9. D’autre part, il ressort des pièces du dossier que M. A... s’est maintenu en situation irrégulière en France depuis 4 ans en dépit d’une obligation de quitter le territoire français édictée à son encontre le 8 octobre 2019. A supposer même que M. A... fût mineur à la date à laquelle cette première décision d’éloignement a été édictée, celle-ci ne constitue pas, contrairement à ce qu’il fait valoir, la base légale de la décision attaquée. Au demeurant, une exception d'illégalité soulevée à l'encontre de cette décision individuelle ne serait pas recevable en ce qu’elle présente un caractère définitif. Il ressort également des pièces du dossier que le requérant, célibataire et sans enfant à charge, ne dispose d’aucune attache familiale sur le territoire français et n’établit pas être dépourvu de liens personnels dans son pays d’origine. Par ailleurs, si M. A... a obtenu un certificat d’aptitude professionnelle (CAP) « métiers du plâtre et de l’isolation » au cours des années scolaires 2020-2021 et 2021-2022, produit des bulletins scolaires démontrent son sérieux et son implication dans cette formation, justifie de contrats de missions temporaires sur les années 2020 à 2022 ainsi que d’un certificat préalable à l’embauche et d’une demande d’autorisation de travail pour l’obtention d’un contrat à durée indéterminée établis les 2 janvier et 5 février 2023, ces éléments ne suffisent pas à démontrer une intégration professionnelle particulière sur le territoire français. Le requérant ne justifie pas davantage qu’au regard de ses qualifications et des caractéristiques de l’emploi de « travaux de plâtrerie » pour lequel il a été recruté en 2023, ces circonstances justifient la délivrance d’un titre de séjour pour des motifs exceptionnels. Il résulte de l’ensemble des circonstances susmentionnées que le préfet n’a pas commis d’erreur manifeste d’appréciation en estimant que l’admission exceptionnelle au séjour de M. A... ne répondait pas à des considérations humanitaires ni ne se justifiait au regard de motifs exceptionnels.

10. Il résulte de ce qui précède que le moyen tiré de la méconnaissance des dispositions de l’article L. 435‑1 du code de l’entrée et du séjour des étrangers et du droit d’asile doit être écarté en toutes ses branches.

11. Il résulte de tout ce qui précède que M. A... n’est pas fondé à demander l’annulation de l’arrêté du 18 août 2023. Par voie de conséquence, ses conclusions aux fins d’injonction et d’astreinte ainsi que celles présentées sur le fondement de l’article 37 de la loi du 10 juillet 1991, doivent être rejetées.

Sur la demande de sursis à exécution :

12. Le présent arrêt statuant au fond sur les conclusions de M. A..., sa requête aux fins de sursis à exécution est devenue sans objet.

















décide :





Article 1er : Il n’y a pas lieu de statuer sur les conclusions de la requête n° 25BX00565.

Article 2 : Le jugement n° 2302290 du 30 décembre 2024 du tribunal administratif de Pau est annulé.

Article 3 : La demande présentée par M. A... devant le tribunal et le surplus de ses conclusions d’appel sont rejetés.
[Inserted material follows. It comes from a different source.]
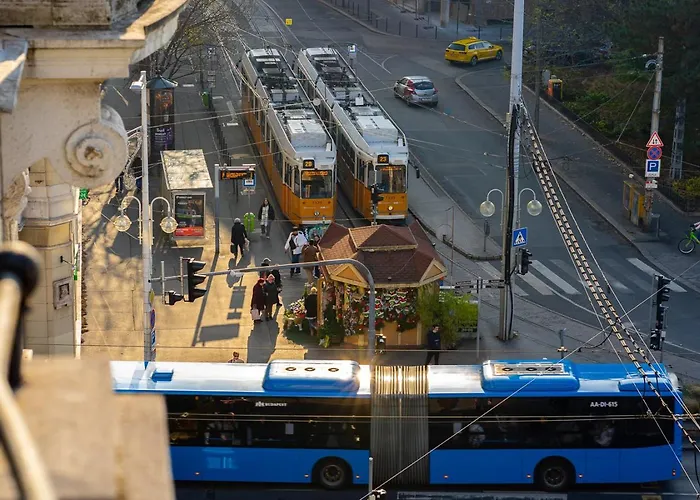 아파트 Magical Danube View In A Spacious Two Bedroom Next To Parliament *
Article 4 : Le présent arrêt sera notifié à M. B... A... et au ministre de l’intérieur.

Copie en sera adressée au préfet des Pyrénées-Atlantiques.
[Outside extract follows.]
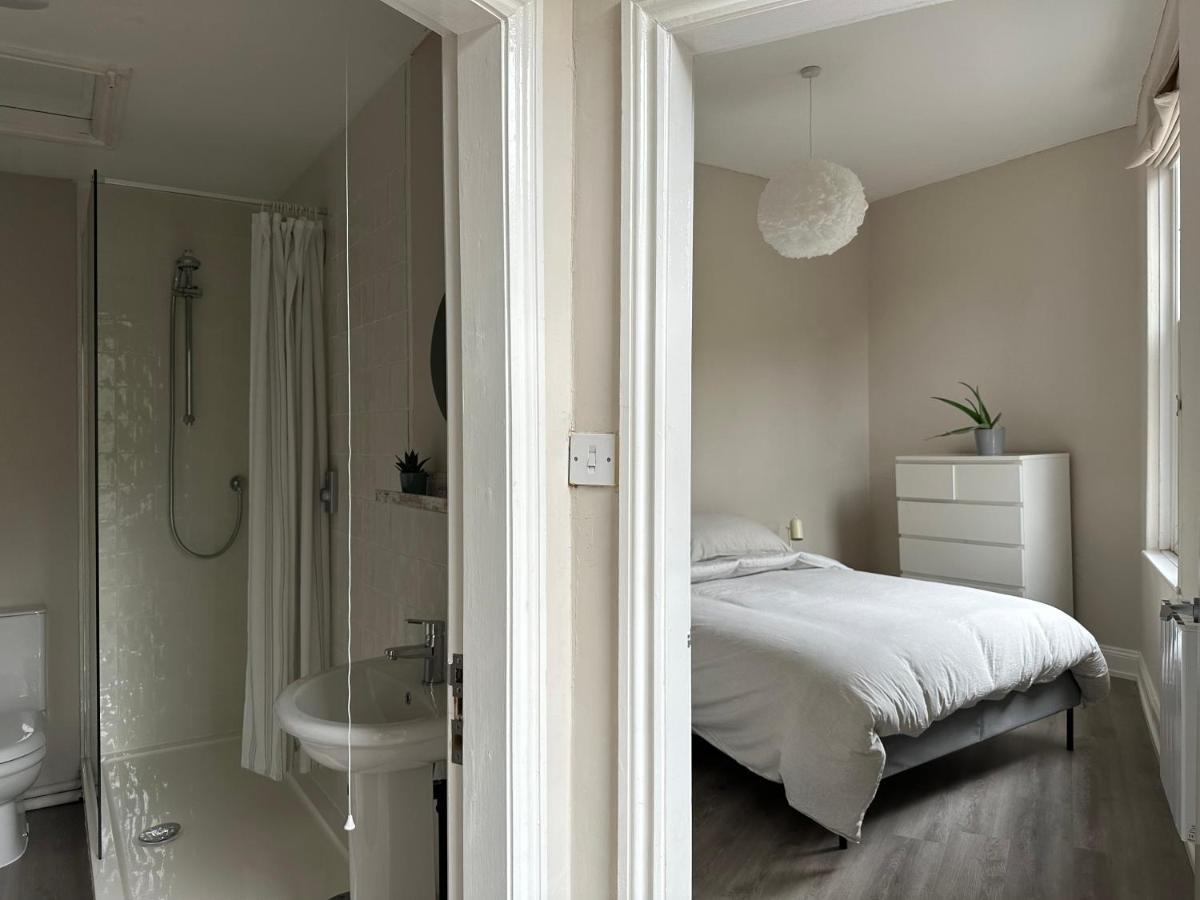 Strawberry Dale Apartment Harrogate Bagian luar foto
Délibéré après l’audience du 23 septembre 2025 à laquelle siégeaient :

Mme Fabienne Zuccarello, présidente de chambre,
M. Nicolas Normand, président-assesseur,
Mme Carine Farault, première conseillère.
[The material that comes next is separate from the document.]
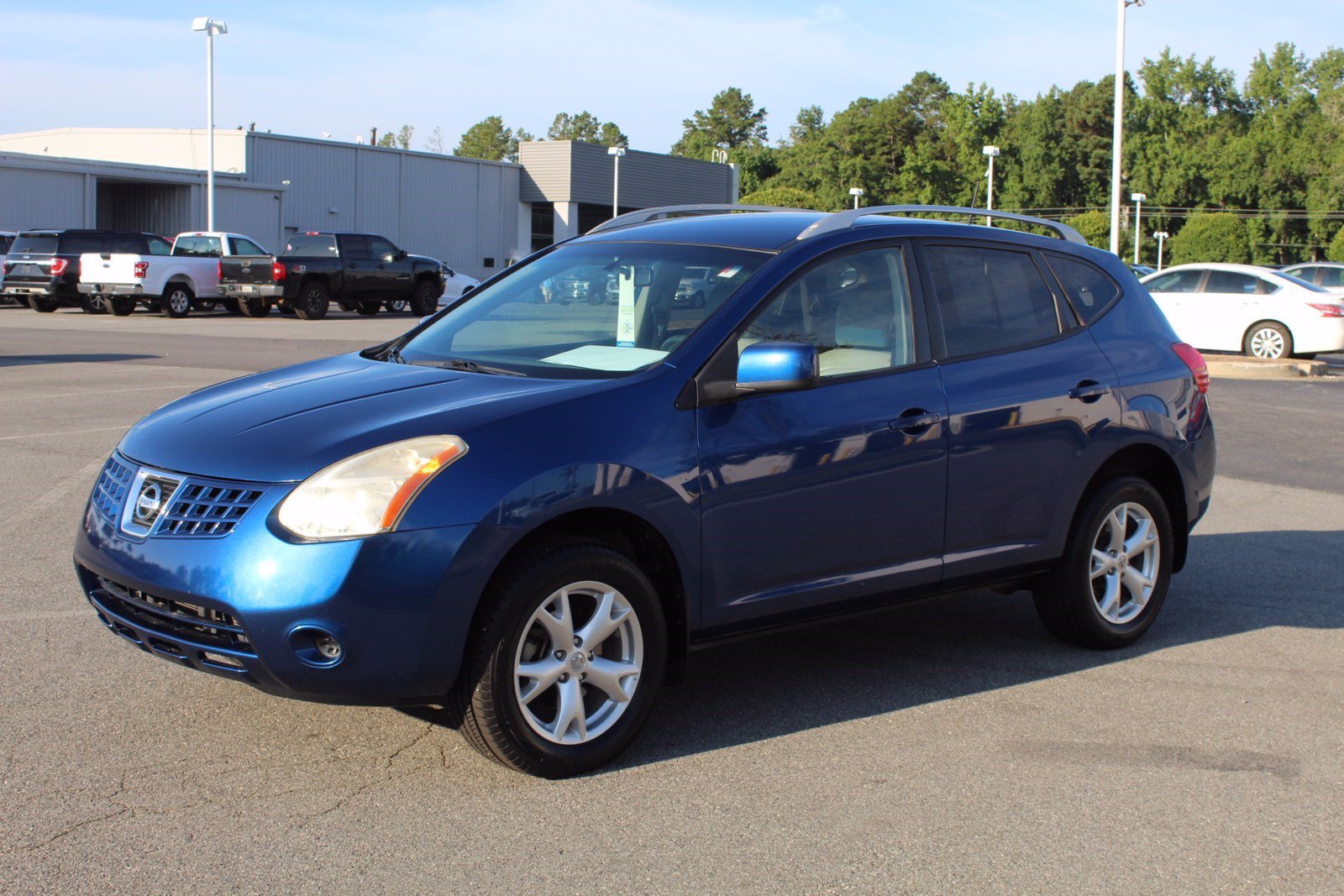 Nissan rogue 2008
Rendu public par mise à disposition au greffe le 14 octobre 2025.



Le rapporteur,



Nicolas Normand

La présidente,



Fabienne Zuccarello


La greffière,



Virginie Santana


La République mande et ordonne au ministre de l’intérieur en ce qui le concerne, et à tous commissaires de justice à ce requis, en ce qui concerne les voies de droit commun contre les parties privées, de pourvoir à l’exécution du présent arrêt.